In Memoriam: Professor Sadrul Khan


Sadrul Khan, an instructor in the Humanities and Social Sciences Department, passed away yesterday. Professor Khan joined NYU-Poly in 1998 and was an enormously dedicated professor who cared deeply about his students. He received his PhD from Ludwig Maximillian University (Germany), where he trained with top scholars in political science and continued his postgraduate studies at the New School, where he studied with prominent historians including Charles Tilly and Eric Hobsbawm. His academic interests included European political history, South Asian history and development studies and his teaching was influenced by the commitment of the Jesuit teachers who taught him as a young man. From them, he learned the importance of creating opportunities for his students to succeed.

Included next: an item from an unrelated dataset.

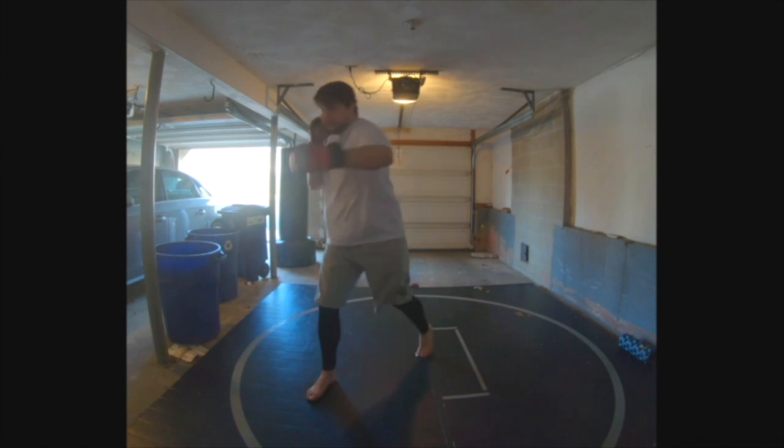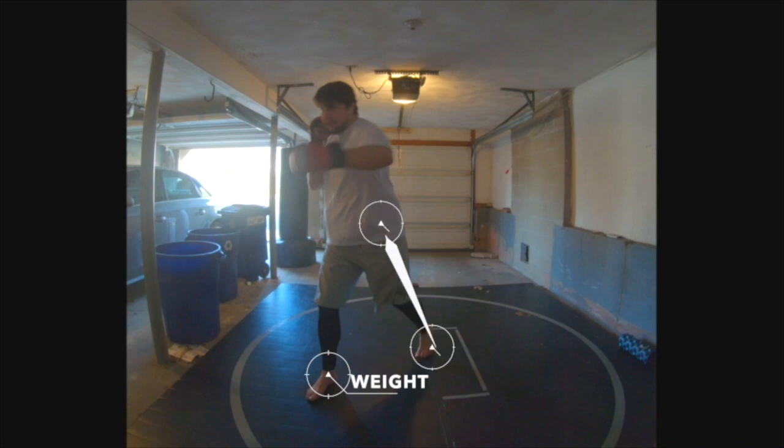Essentially, everything is just flipped around from the last technique. We have the weight on the front foot now this time, just like when we were throwing a cross. What that allows us to do is pivot the back foot, which becomes light, allowing me to really twist my hip into the technique. Because the rear hook is further away, it's more powerful, but that distance makes it tricky to land with.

Professor Khan also did many extraordinary things outside of the academic arena. He lived and worked around the globe including Japan, Afghanistan, Turkey and Poland. He spoke eight languages. He had an extraordinary commitment to justice and progressive political causes and pursued an honest and open political system both here and in his native country. As a young man he organized a union of Dacca's rickshaw drivers. He also fought as a combat officer in the 1971 Bangladesh revolution against Pakistan and spent hundreds of hours there helping immigrants with problems that required advanced literacy to address. Professor Khan leaves behind a wife and a young son in New York, and brothers in Austria, Canada and Bangladesh.

Professor Khan will be sorely missed by his students, faculty colleagues, and the NYU-Poly community.